Drugmaker AbbVie Inc. agreed to acquire a cancer-drug developer, Stemcentrx Inc., for $5.8 billion, continuing AbbVie’s aggressive push to build an oncology business.
With the cash-and-stock acquisition, which includes potential additional payments of up to $4 billion if certain drug-development goals are hit, AbbVie gains Stemcentrx’s experimental treatment for a form of lung cancer, plus other experimental drugs.
AbbVie said the lung-cancer treatment, dubbed Rova-T, has multi-billion-dollar sales potential, based on clinical trials showing it shrank lung tumors in a significant portion of patients receiving it. It would also expand AbbVie’s cancer-drug lineup beyond those for blood cancers, to include treatments for tumors in solid organs.
“We’re impressed with this,” AbbVie Chief Executive Richard Gonzalez told analysts on a conference call Thursday. “We think Rova-T is a very good asset and gives us a strong position on solid tumors going forward.”
Stemcentrx is a privately held company founded in 2008 in South San Francisco, Calif., with about 200 employees. It specializes in designing drugs to target cancer stem cells, which are the cells that cause cancer to spread throughout the body. In March, The Wall Street Journal reported that Stemcentrx was pursuing a sale and was seeking a more than $5 billion price tag.
The agreement is the latest in a series of deals AbbVie has struck to try to reduce its heavy dependence on the anti-inflammatory drug Humira, which faces potential competition from copycat drugs in coming years. AbbVie was spun off from Abbott Laboratories in early 2013.
Last year, AbbVie paid $21 billion to buy Pharmacyclics Inc., which gave it partial rights to the blood-cancer drug Imbruvica.
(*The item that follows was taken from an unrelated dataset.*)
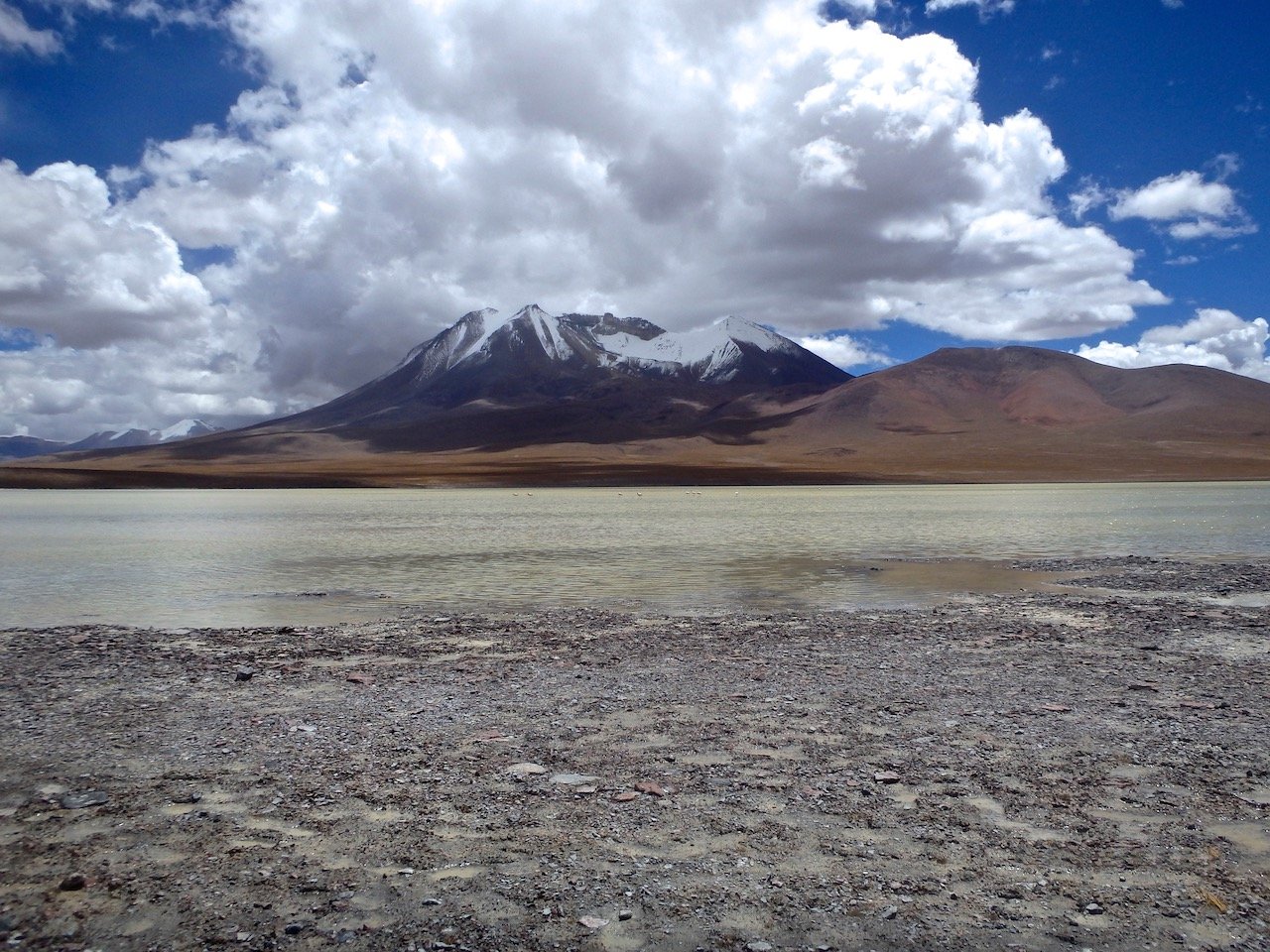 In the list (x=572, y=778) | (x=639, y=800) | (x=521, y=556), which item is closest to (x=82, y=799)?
(x=572, y=778)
And last week AbbVie announced two separate deals to license rights to experimental cancer drugs developed by other companies.
Earlier this month, U.S. regulators approved Venclexta, a treatment for a form of leukemia that was co-developed by AbbVie and Roche Holding AG.
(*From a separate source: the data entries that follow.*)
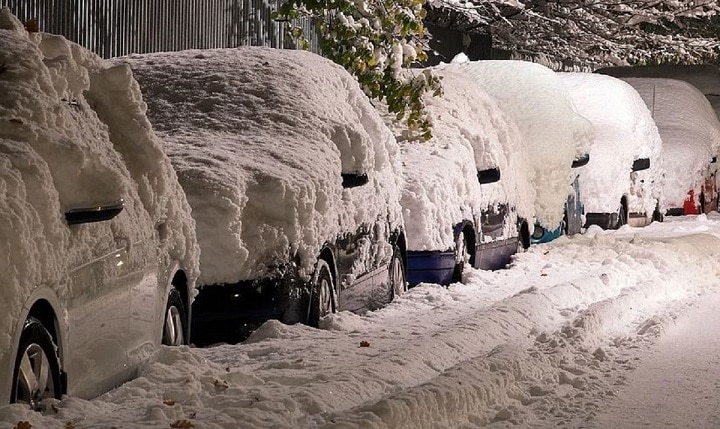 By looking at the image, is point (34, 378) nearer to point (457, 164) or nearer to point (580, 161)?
point (457, 164)

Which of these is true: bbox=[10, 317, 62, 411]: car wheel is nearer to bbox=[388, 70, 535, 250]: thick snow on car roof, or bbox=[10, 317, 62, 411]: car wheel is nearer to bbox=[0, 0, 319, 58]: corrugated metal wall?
bbox=[388, 70, 535, 250]: thick snow on car roof

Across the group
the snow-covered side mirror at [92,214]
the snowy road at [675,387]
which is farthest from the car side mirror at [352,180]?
the snow-covered side mirror at [92,214]

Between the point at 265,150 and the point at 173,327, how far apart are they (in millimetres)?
2022

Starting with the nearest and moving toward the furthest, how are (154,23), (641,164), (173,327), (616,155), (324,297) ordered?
(173,327)
(324,297)
(154,23)
(616,155)
(641,164)

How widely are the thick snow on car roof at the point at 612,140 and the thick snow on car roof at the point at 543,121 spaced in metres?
2.09

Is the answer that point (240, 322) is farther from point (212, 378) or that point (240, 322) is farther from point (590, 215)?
point (590, 215)

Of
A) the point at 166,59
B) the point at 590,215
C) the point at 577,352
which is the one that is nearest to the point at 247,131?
the point at 166,59

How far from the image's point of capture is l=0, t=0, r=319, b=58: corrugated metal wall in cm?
1364

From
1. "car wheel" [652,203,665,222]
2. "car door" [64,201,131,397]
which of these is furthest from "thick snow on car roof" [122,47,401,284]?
"car wheel" [652,203,665,222]

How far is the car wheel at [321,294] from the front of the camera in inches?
368

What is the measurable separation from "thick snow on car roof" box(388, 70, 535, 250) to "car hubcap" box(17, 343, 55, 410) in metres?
6.65

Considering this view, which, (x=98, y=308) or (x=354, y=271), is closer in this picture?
(x=98, y=308)

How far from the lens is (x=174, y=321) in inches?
307

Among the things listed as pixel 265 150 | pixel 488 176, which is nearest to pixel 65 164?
pixel 265 150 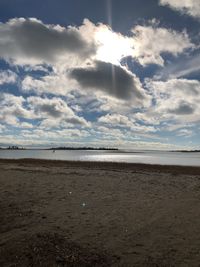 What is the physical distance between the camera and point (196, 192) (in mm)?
18859

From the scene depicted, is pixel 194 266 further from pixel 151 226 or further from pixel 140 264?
pixel 151 226

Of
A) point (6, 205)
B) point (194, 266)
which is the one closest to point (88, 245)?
point (194, 266)

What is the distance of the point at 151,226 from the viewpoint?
35.1 ft

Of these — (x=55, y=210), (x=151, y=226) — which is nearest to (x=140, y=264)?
(x=151, y=226)

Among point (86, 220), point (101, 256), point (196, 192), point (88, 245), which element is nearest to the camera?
point (101, 256)

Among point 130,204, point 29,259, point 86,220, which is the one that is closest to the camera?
point 29,259

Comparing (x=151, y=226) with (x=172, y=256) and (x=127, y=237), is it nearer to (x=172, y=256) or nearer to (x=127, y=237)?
(x=127, y=237)

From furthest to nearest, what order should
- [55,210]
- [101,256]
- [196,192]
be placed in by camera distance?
1. [196,192]
2. [55,210]
3. [101,256]

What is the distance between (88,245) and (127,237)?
153 centimetres

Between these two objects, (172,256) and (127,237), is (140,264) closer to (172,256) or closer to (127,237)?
(172,256)

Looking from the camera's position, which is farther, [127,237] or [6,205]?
[6,205]

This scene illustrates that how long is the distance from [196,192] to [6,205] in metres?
11.8

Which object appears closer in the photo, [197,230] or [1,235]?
[1,235]

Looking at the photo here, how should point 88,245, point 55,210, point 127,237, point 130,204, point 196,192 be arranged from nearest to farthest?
point 88,245 < point 127,237 < point 55,210 < point 130,204 < point 196,192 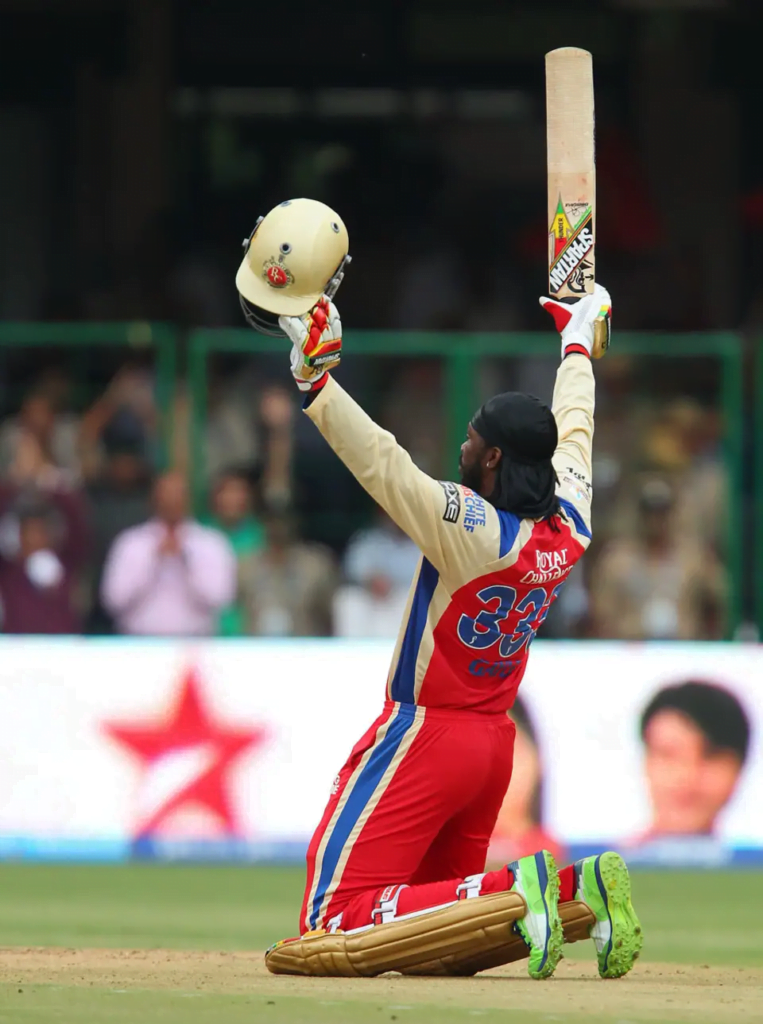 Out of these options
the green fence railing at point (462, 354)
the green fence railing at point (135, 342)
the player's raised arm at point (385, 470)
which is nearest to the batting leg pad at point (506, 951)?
the player's raised arm at point (385, 470)

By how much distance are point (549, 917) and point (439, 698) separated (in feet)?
2.55

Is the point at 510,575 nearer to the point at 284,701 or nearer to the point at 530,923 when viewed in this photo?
the point at 530,923

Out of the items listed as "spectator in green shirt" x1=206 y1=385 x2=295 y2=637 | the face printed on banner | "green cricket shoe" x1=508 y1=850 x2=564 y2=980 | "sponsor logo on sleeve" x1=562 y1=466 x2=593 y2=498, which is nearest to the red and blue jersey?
"sponsor logo on sleeve" x1=562 y1=466 x2=593 y2=498

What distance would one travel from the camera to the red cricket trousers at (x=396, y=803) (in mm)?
6172

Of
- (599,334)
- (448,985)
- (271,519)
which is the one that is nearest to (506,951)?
(448,985)

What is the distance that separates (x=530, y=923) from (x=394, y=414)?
6921mm

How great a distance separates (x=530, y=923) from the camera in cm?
587

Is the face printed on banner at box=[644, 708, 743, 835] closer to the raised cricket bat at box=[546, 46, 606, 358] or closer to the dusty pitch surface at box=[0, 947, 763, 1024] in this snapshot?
the dusty pitch surface at box=[0, 947, 763, 1024]

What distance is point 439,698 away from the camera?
623 centimetres

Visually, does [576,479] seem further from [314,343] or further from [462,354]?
[462,354]

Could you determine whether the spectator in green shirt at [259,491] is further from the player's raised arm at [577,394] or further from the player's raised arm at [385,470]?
the player's raised arm at [385,470]

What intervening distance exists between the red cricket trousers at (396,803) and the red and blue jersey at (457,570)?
0.31 ft

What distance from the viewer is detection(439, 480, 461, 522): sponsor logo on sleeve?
19.8ft

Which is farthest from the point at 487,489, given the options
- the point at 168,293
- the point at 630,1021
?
the point at 168,293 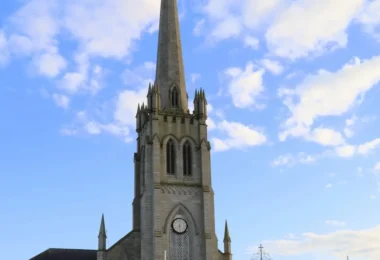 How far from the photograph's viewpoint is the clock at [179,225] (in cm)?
6350

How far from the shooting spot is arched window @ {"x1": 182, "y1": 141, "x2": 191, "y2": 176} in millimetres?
66562

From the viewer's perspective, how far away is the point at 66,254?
66875mm

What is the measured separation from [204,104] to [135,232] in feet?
51.5

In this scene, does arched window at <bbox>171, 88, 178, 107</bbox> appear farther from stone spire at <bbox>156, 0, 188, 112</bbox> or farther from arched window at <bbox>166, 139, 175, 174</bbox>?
arched window at <bbox>166, 139, 175, 174</bbox>

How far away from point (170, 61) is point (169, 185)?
15.0 metres

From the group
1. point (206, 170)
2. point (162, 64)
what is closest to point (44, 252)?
point (206, 170)

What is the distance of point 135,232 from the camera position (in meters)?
65.1

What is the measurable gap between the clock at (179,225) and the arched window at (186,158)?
16.8 feet

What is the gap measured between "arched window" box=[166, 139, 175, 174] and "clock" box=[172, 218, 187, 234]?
519cm

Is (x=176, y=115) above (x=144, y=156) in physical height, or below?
above

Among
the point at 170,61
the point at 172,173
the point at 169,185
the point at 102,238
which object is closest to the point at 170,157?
the point at 172,173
Stemcentrx has been studying Rova-T in a form of cancer known as small-cell lung cancer. AbbVie expects the drug could reach the market in 2018 if it is approved by regulators.
J.P. Morgan analyst Chris Schott said the deal “brings the company an interesting late-stage asset in small-cell lung cancer with the potential for much broader usage over time.”
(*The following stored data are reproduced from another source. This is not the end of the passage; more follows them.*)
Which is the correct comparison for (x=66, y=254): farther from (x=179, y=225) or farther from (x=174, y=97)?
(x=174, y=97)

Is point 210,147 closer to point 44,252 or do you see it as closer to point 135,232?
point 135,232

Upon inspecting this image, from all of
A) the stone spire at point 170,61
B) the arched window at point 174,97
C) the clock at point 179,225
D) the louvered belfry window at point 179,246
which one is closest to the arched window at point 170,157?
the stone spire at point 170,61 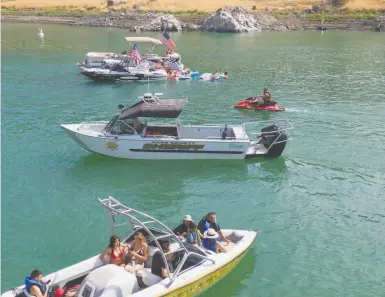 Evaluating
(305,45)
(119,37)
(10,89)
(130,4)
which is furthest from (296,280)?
(130,4)

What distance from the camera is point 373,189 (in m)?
21.2

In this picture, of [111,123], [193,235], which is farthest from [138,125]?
[193,235]

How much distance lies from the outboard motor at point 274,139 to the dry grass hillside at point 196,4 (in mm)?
103166

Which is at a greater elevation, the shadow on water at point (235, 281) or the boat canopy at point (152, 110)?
the boat canopy at point (152, 110)

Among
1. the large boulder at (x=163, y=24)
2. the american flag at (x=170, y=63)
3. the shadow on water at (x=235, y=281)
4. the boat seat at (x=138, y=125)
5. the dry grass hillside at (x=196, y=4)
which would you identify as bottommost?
the shadow on water at (x=235, y=281)

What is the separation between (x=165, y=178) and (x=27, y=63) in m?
37.7

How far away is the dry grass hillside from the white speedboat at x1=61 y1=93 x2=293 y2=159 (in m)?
104

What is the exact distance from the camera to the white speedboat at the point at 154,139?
2316cm

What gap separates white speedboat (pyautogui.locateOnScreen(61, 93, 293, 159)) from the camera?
23156mm

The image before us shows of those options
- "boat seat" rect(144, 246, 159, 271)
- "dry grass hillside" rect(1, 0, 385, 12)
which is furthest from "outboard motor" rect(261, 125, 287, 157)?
"dry grass hillside" rect(1, 0, 385, 12)

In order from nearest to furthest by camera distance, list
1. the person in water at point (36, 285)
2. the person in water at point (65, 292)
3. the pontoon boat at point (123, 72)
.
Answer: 1. the person in water at point (36, 285)
2. the person in water at point (65, 292)
3. the pontoon boat at point (123, 72)

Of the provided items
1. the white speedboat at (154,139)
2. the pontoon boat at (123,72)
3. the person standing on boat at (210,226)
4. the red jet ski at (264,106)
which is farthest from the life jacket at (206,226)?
the pontoon boat at (123,72)

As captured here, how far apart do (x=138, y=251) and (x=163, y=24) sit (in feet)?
298

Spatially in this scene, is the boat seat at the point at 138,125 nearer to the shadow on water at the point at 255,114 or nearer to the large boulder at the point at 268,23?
the shadow on water at the point at 255,114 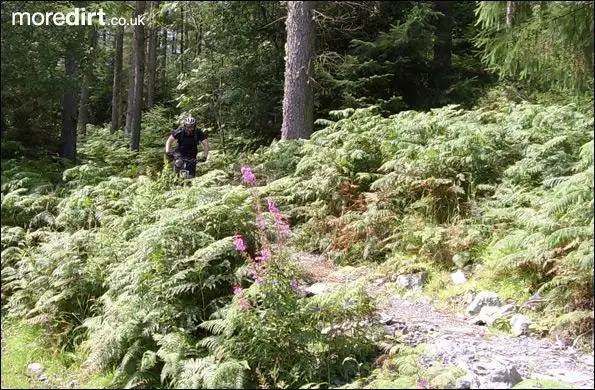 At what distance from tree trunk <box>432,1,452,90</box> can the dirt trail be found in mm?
8806

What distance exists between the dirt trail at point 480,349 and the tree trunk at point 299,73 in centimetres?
612

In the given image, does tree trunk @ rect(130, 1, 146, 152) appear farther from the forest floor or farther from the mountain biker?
the forest floor

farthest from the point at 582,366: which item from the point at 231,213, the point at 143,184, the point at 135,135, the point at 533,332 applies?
the point at 135,135

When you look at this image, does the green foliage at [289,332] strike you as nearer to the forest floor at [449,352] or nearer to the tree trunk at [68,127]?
the forest floor at [449,352]

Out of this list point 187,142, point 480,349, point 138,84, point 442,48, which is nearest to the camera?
point 480,349

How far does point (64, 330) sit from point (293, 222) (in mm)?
4196

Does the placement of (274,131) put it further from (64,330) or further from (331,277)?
(64,330)

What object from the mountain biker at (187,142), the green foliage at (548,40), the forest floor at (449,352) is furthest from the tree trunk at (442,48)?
the forest floor at (449,352)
AbbVie expects the acquisition to reduce 2016 earnings by 20 cents a share due to research and other costs it will inherit with the deal. It expects the purchase to start adding to earnings in 2020. AbbVie lowered its 2016 per-share earnings estimate to $4.62 to $4.82, from its previous estimate for $4.90 to $5.10, to reflect the deal’s impact.
AbbVie shares fell 0.9% to $60.14.
AbbVie said the deal includes $2 billion in cash, with the remainder of the transaction in stock. AbbVie said it plans an accelerated buyback of as much as $4 billion of its shares when the deal closes, which is expected in the current quarter.
AbbVie also reported Thursday a 32% increase in first-quarter profit, while sales rose 18%. Sales of Humira rose 14.9% to $3.58 billion. Sales of AbbVie’s hepatitis C drug Viekira Pak rose 79% to $414 million, but the drug is falling short of initial expectations. Mr. Gonzalez said sales have been hurt by a competing new drug from Merck & Co., Zepatier.
Over all, AbbVie reported a quarterly profit of $1.35 billion, or 83 cents a share, up from $1.02 billion, or 63 cents a share, a year earlier. Excluding one-time items, per-share earnings rose to $1.15 from 94 cents. The company expected adjusted per-share earnings of $1.13 to $1.15.
Revenue increased 18% to $5.96 billion. On an operational basis, which excludes currency impacts, revenue improved 22%. Analysts polled by Thomson Reuters expected $5.97 billion.